* **EXERCISE**: Taking the line with "It doesn't matter" as the first and the line with "Step 4. To ensure" as the last, set down the lines below exactly, pictures excluded.

(Data extracted from a collection)
------

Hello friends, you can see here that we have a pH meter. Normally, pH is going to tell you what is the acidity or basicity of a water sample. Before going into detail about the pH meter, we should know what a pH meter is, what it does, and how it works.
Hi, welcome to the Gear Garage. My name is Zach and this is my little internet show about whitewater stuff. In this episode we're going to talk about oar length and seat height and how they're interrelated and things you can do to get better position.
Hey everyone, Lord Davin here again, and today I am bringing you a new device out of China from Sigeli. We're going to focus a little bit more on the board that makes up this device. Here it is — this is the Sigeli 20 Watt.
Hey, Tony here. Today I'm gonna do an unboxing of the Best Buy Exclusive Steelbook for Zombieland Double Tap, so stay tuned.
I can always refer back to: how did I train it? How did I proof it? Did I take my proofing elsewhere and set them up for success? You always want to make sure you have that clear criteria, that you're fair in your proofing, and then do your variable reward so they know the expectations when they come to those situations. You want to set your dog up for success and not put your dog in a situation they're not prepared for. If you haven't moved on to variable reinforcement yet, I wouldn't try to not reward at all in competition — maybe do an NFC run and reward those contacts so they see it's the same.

------

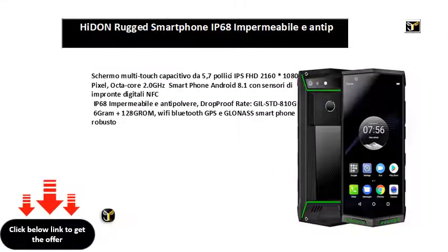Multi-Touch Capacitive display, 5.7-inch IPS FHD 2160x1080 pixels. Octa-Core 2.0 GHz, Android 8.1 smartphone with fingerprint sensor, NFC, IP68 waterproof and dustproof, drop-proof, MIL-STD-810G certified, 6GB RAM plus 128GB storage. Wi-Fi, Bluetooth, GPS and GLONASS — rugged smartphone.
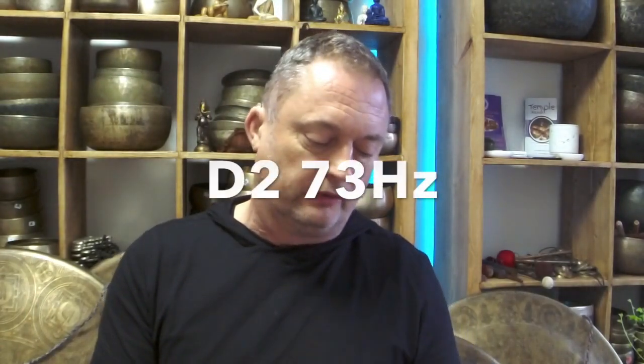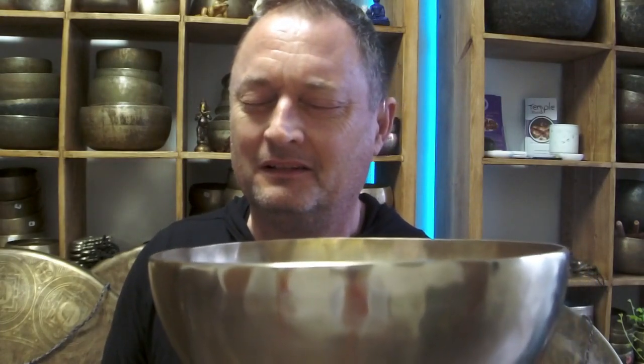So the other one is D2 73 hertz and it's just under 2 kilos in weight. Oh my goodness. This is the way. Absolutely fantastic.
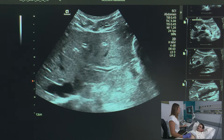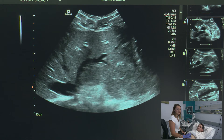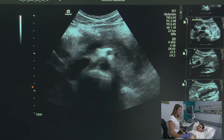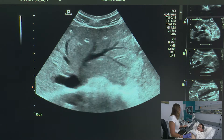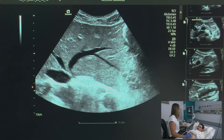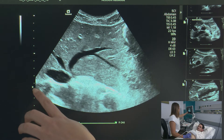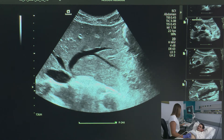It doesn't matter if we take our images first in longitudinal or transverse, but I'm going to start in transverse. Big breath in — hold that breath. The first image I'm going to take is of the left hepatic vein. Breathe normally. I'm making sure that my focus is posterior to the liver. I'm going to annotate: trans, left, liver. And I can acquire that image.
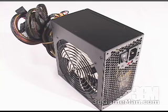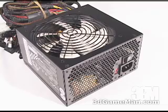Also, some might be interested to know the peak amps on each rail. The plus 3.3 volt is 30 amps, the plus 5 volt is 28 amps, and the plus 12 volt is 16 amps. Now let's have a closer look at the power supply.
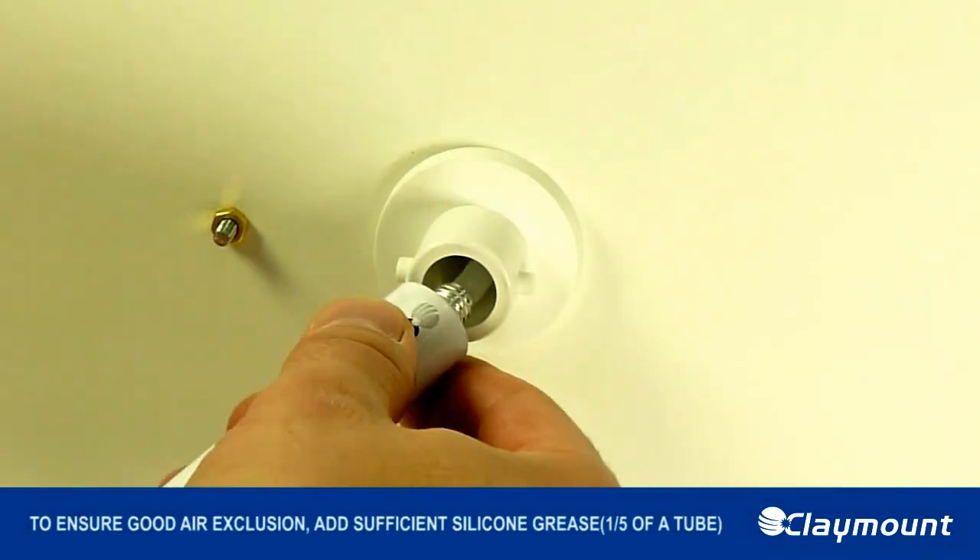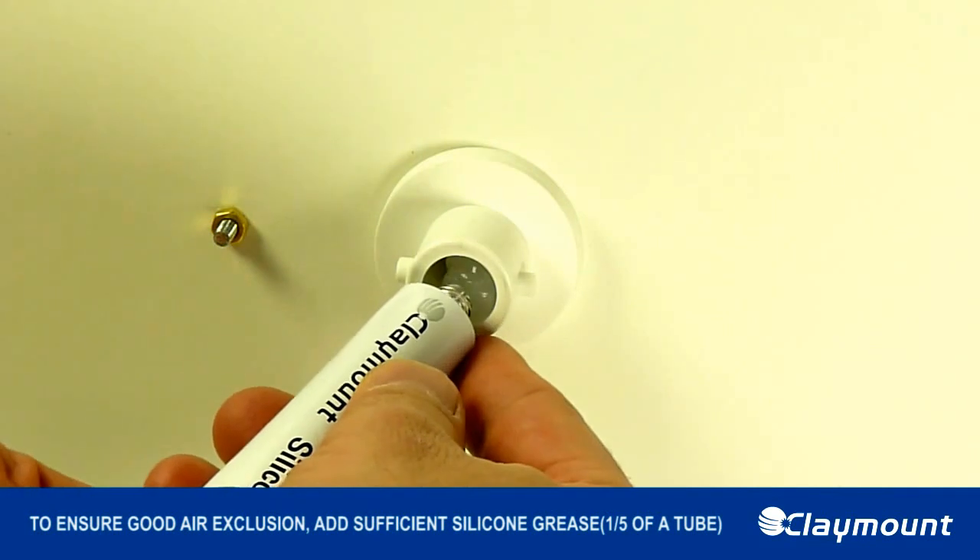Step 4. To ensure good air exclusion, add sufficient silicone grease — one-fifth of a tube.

------

* **ANSWER BELOW**:
It doesn't matter if we take our images first in longitudinal or transverse, but I'm going to start in transverse. Big breath in — hold that breath. The first image I'm going to take is of the left hepatic vein. Breathe normally. I'm making sure that my focus is posterior to the liver. I'm going to annotate: trans, left, liver. And I can acquire that image.
Also, some might be interested to know the peak amps on each rail. The plus 3.3 volt is 30 amps, the plus 5 volt is 28 amps, and the plus 12 volt is 16 amps. Now let's have a closer look at the power supply.
Step 4. To ensure good air exclusion, add sufficient silicone grease — one-fifth of a tube.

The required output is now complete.